De docent (‘Ik heet Ton’) wandelde met een krat pils de klas in en vroeg wat de studenten dat lesuur wilden doen. Dat heette democratisering. Cijfers geven deed hij natuurlijk niet – dat was autoritair. Over het cijfer werd gediscussieerd, hetgeen erop neerkwam dat de student met de grootste bek het hoogste cijfer had.
Natuurlijk werd er lesgegeven volgens het principe van het projectonderwijs. Bijvoorbeeld bloemschikken. Dus maakten de studenten een grondige analyse van de klassenstrijd bij de chrysantenteelt in het Westland, uiteraard volgens de dialektiese methode, en dat alles bezien vanuit het perspectief van het histories materialisme. En wat was hun conclusie? Chrysanten moet je in lauw-warm zetten en schuin afsnijden. Anders verwelken ze te snel.

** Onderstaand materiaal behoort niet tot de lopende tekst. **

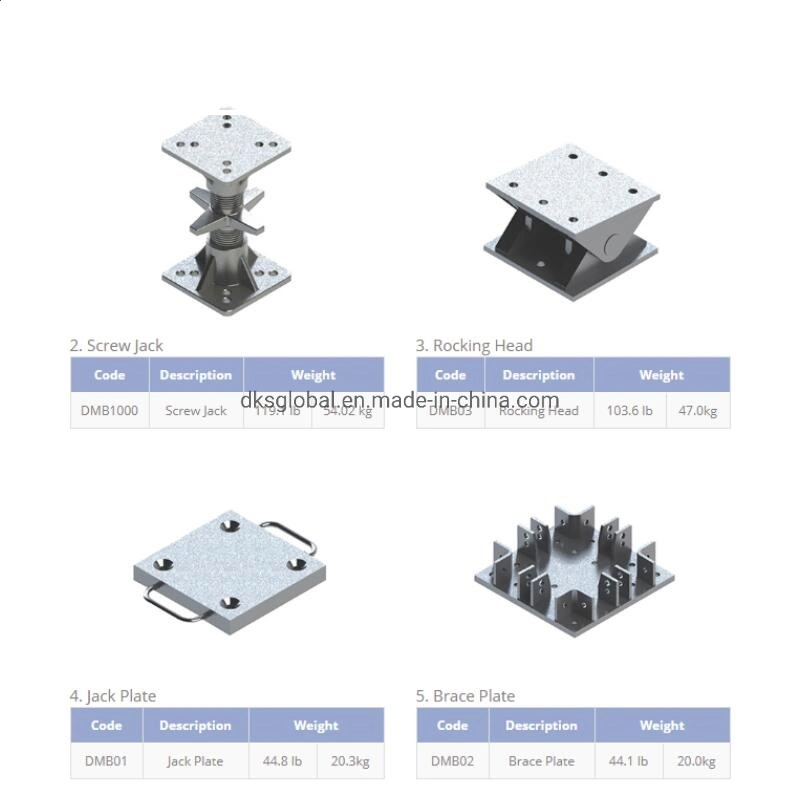 HDG Steel Building Material Scaffold Formwork Accessories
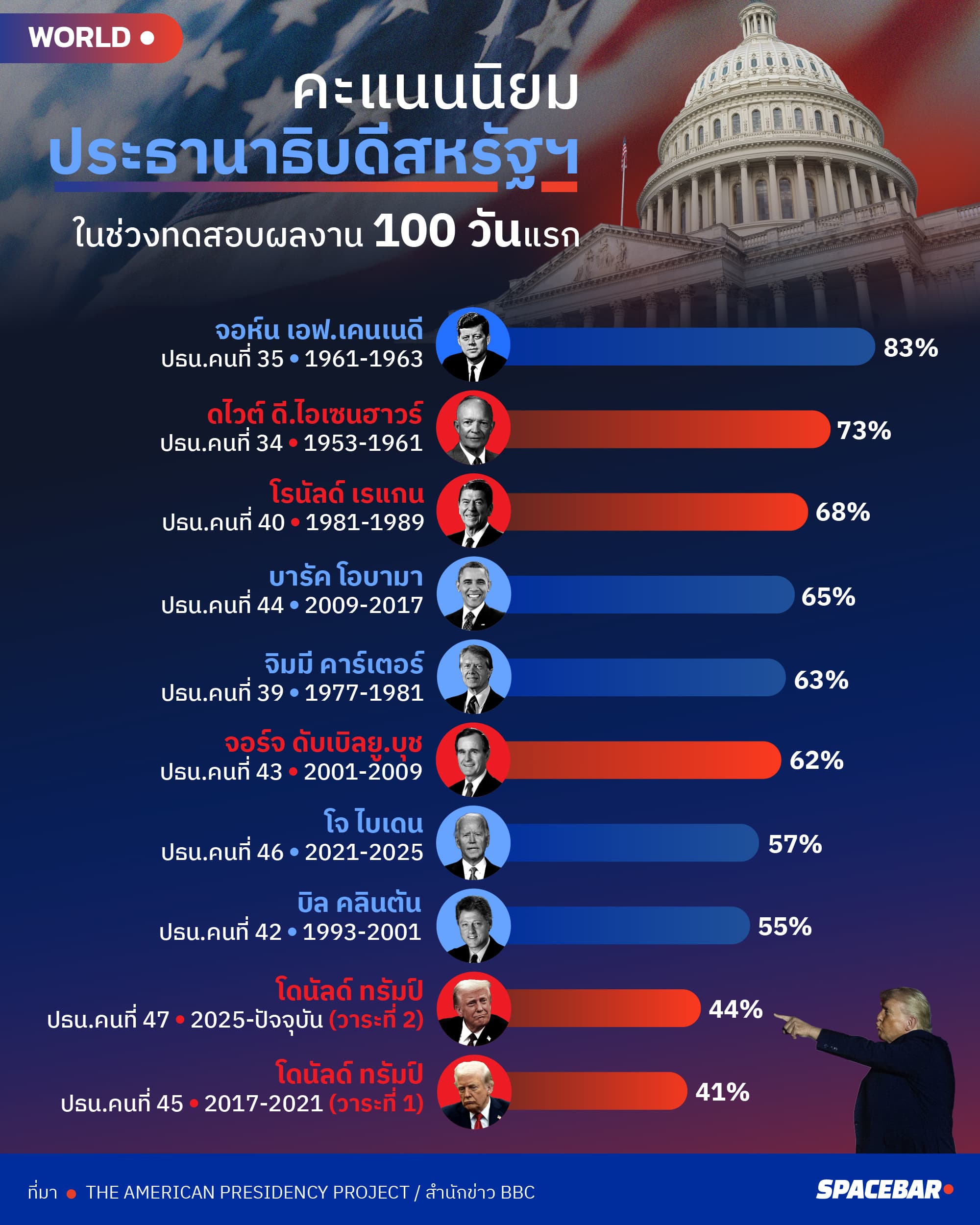 ai_Info_donald_trump_given_f_rating_by_americans_after_100_days_01_15006b8f00.jpg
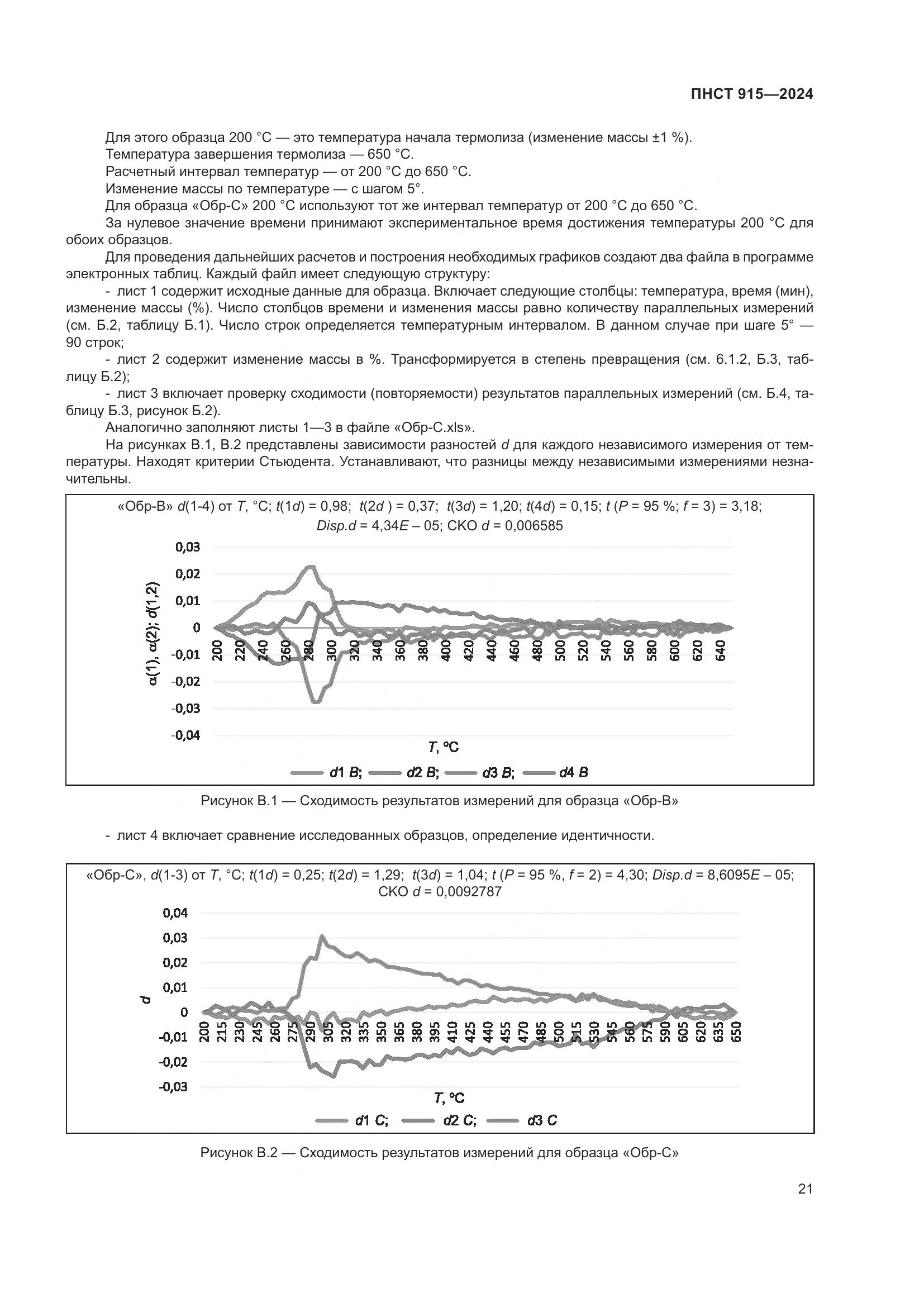 ПНСТ 915-2024, страница 25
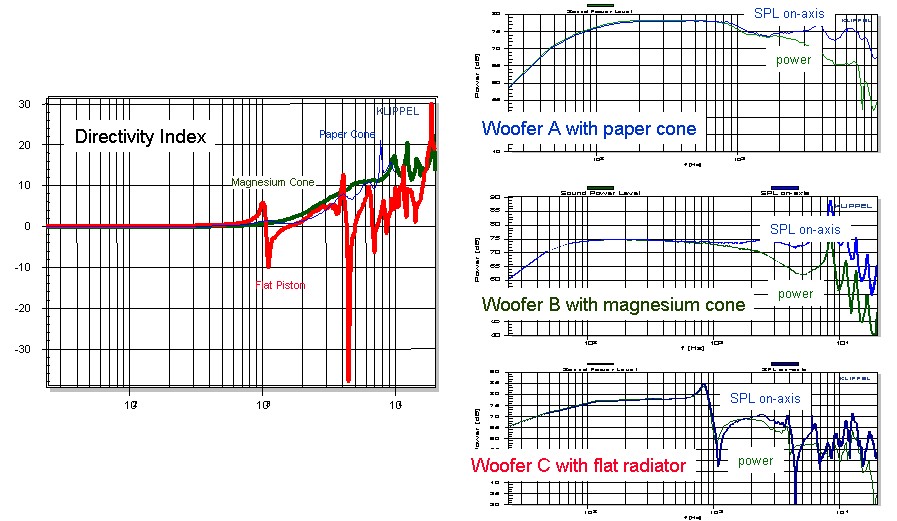 The figure above shows the directivity index (left), on-axis SPL response and power response (right) of three woofers using a flat piston, a paper and a magnesium cone. The woofer C with a flat radiator suffers from cancellation problems at 1 and 4 kHz an The figure above shows the directivity index (left), on-axis SPL response and power response (right) of three woofers using a flat piston, a paper and a magnesium cone. The woofer C with a flat radiator suffers from cancellation problems at 1 and 4 kHz an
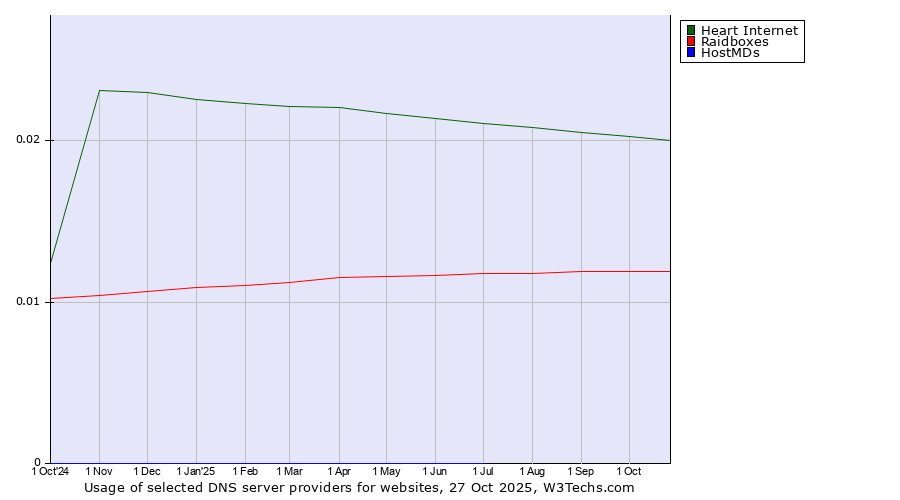 Historical trends in the usage of Heart Internet vs. Raidboxes vs. HostMDs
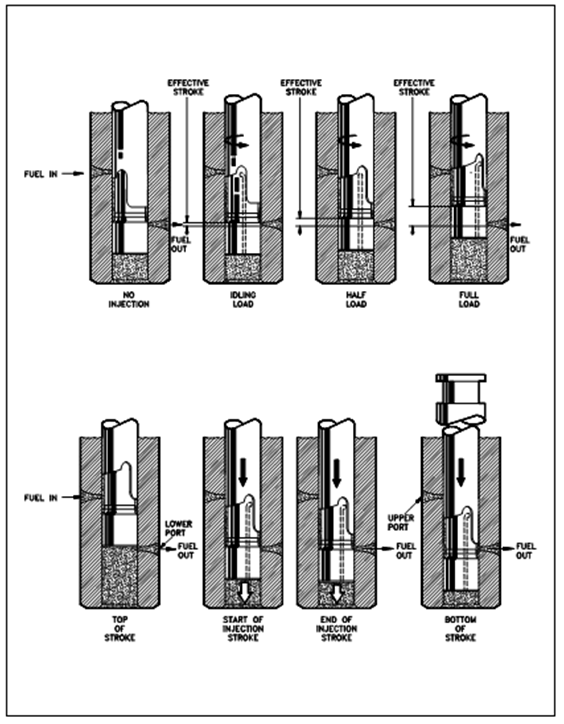 1674_Fuel Injector Plungers.png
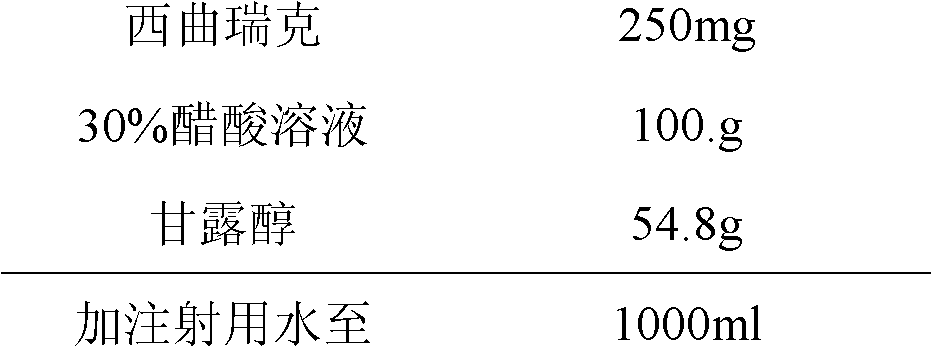 Stable cetrorelix medicinal composition and preparation method thereof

Inmiddels is er veel veranderd:
De docent wandelt de collegezaal in met een docentenhandleiding en hij doceert. Dat heet een didactische werkvorm. Aan het eind van de module neemt hij een toets af. Dat heet summatieve evaluatie. En de student verlaat de opleiding met een diploma, dat hij niet bij de Copyrette heeft laten maken, maar met hard werken heeft verdiend. Dat diploma is een bewijs van een zekere bekwaamheid. Dat heet de signaalwaarde van een diploma.
Sommige collega’s betreuren die verandering. Ze menen dat studenten vroeger gemotiveerder, idealistischer, actiever en geëngageerder waren. Welnu, ik geef toe dat de woorden schoolparlement, democraties en projectonderwijs vriendelijker klinken dan studiepunten, studiebelastingsuren, studeerbaarheid en onderwijsvraagfactor.
Die terminologie roept bij mij altijd associaties op van een varkensfokkerij, waar de directeur uitrekent hoeveel voer hij in een varken moet proppen om 50 kilo beenham te krijgen. En die fokker krijgt van de minister ook nog eens een vette subsidie als het hem lukt zijn varkens sneller en goedkoper vet te mesten.
Maar dat de huidige generatie studenten een stel amorfe, ongemotiveerde, luie en ideaal-loze lapswansen is, waag ik te betwijfelen. Wie dat meent, moet toch wel aan een ernstige vorm van aderverkalking lijden, of nog erger teveel broccoli eten.

Ik sluit af.
Dames en heren, het leven is weliswaar een stuk gecompliceerder geworden. Je moet je ieder weekend door een halve meter kranten heen worstelen, het kinderdagverblijf zorgt voor de kinderen, God leeft niet meer, althans ziet er niet meer op toe dat je fiets niet wordt gestolen, een randje vet aan het vlees is echt ongezond, – maar op één punt is de afgelopen dertig jaar een belangrijke vooruitgang geboekt: die smerige levertraan hoeft niet meer.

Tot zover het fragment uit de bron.